Please repeat every entry exactly as written, but skip the pictures.

(Captioned web image data)

BEGIN

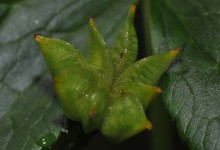 Bekkeblom (Caltha palustris)
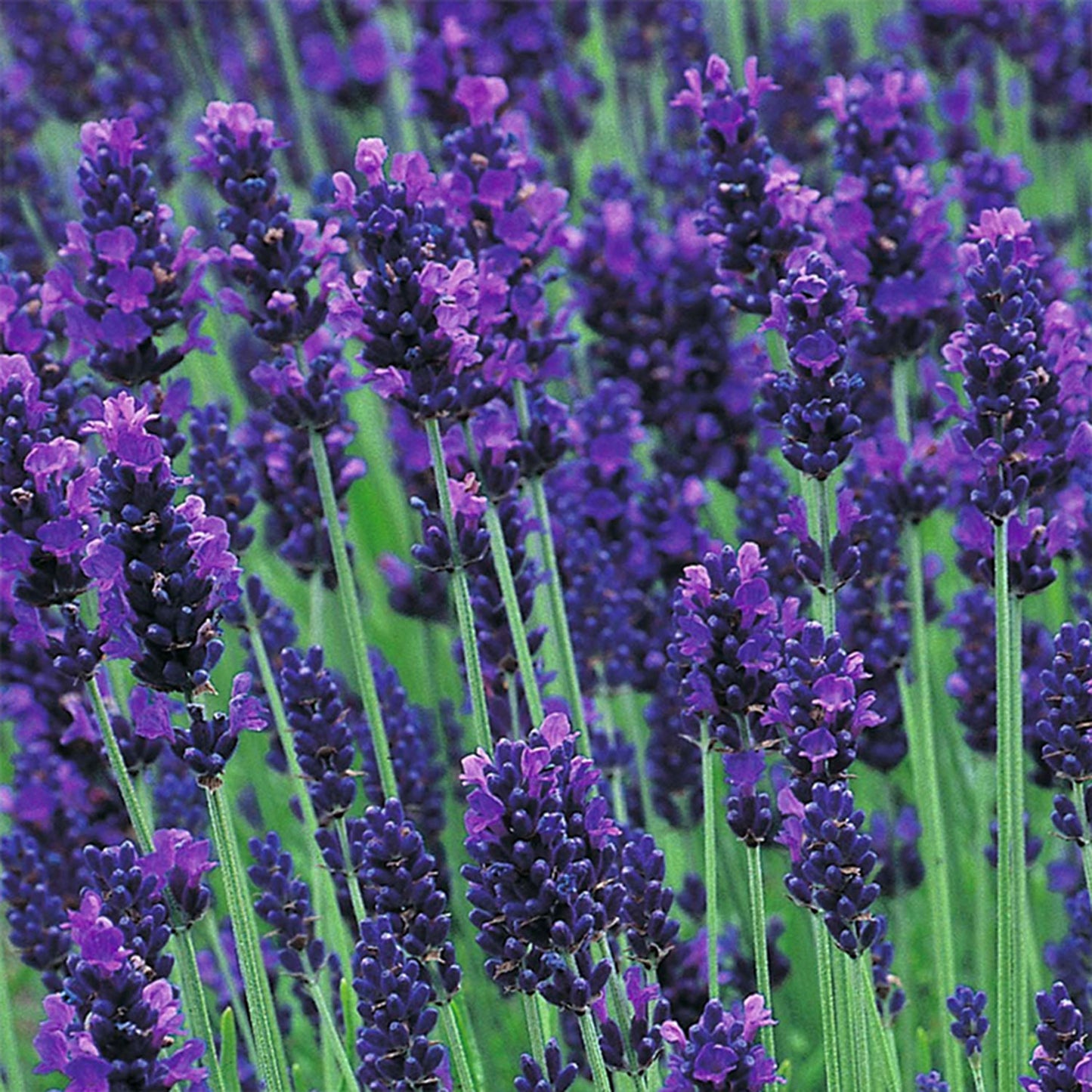 Hidcote Blue Lavender 2 Gallon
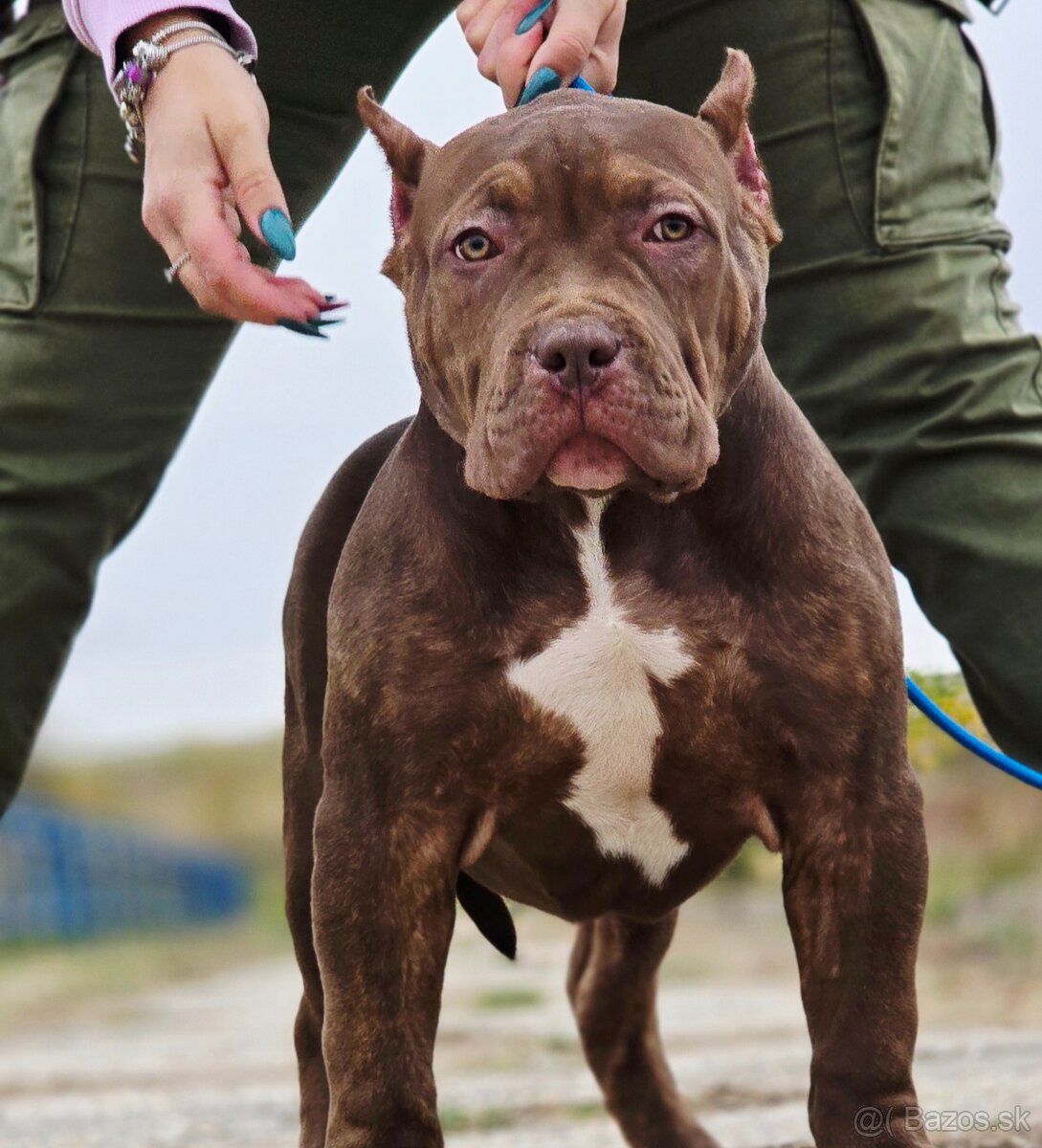 American bully - 5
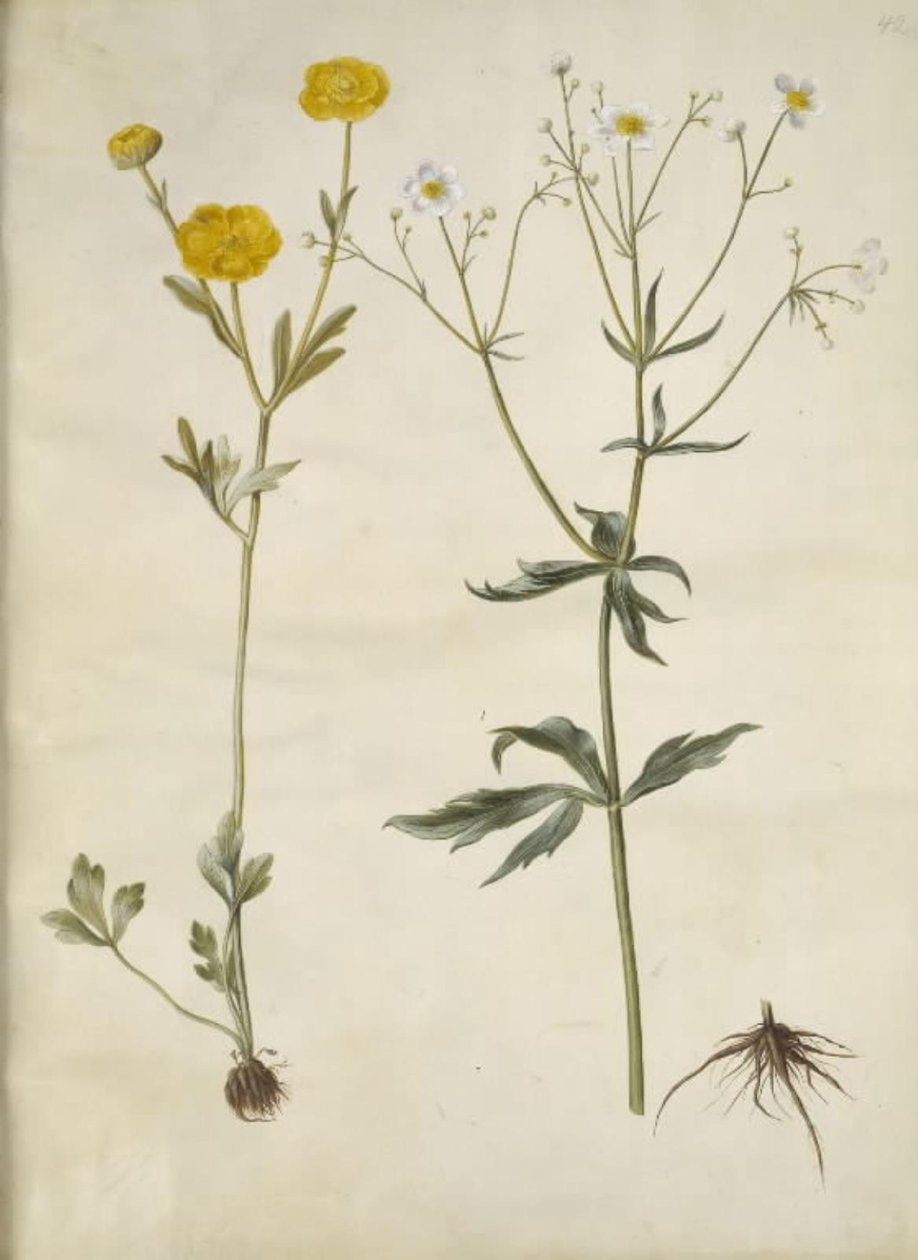 Ranunculus monspeliacus (Seiden-Ranunkel); Ranunculus aconitifolius (Eisenhutblättrige Ranunkel) von Hans Simon Holtzbecker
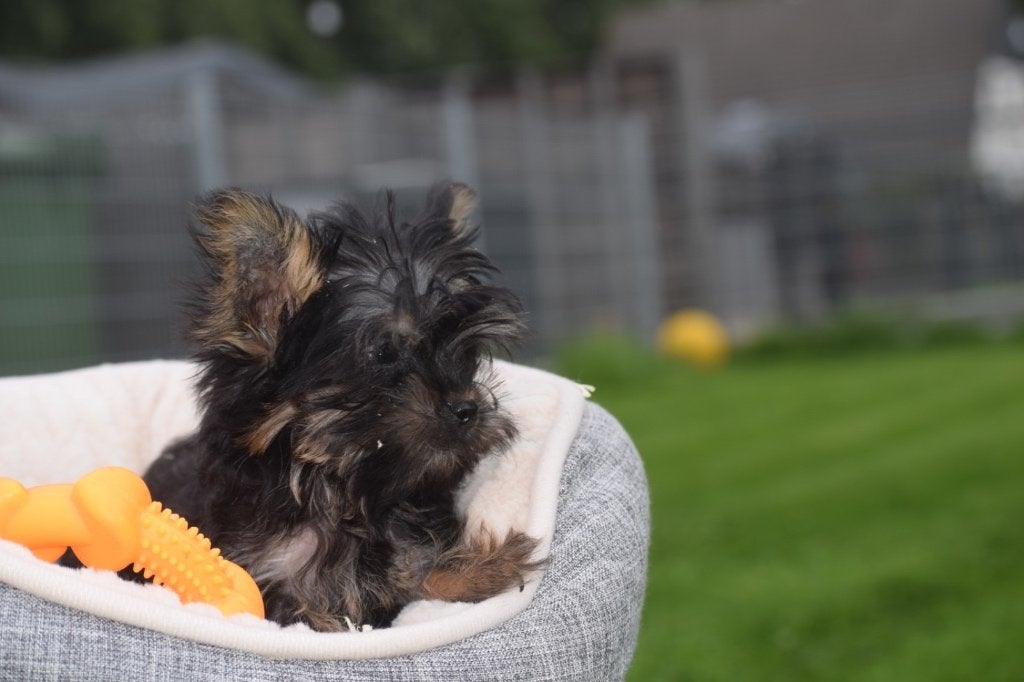 Yorkshire terrier pups nieuw nestje, Yorkshire Terriër, Nederland, Reu, 8 tot 15 weken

END

**ANSWER AREA:**
 Bekkeblom (Caltha palustris)
 Hidcote Blue Lavender 2 Gallon
 American bully - 5
 Ranunculus monspeliacus (Seiden-Ranunkel); Ranunculus aconitifolius (Eisenhutblättrige Ranunkel) von Hans Simon Holtzbecker
 Yorkshire terrier pups nieuw nestje, Yorkshire Terriër, Nederland, Reu, 8 tot 15 weken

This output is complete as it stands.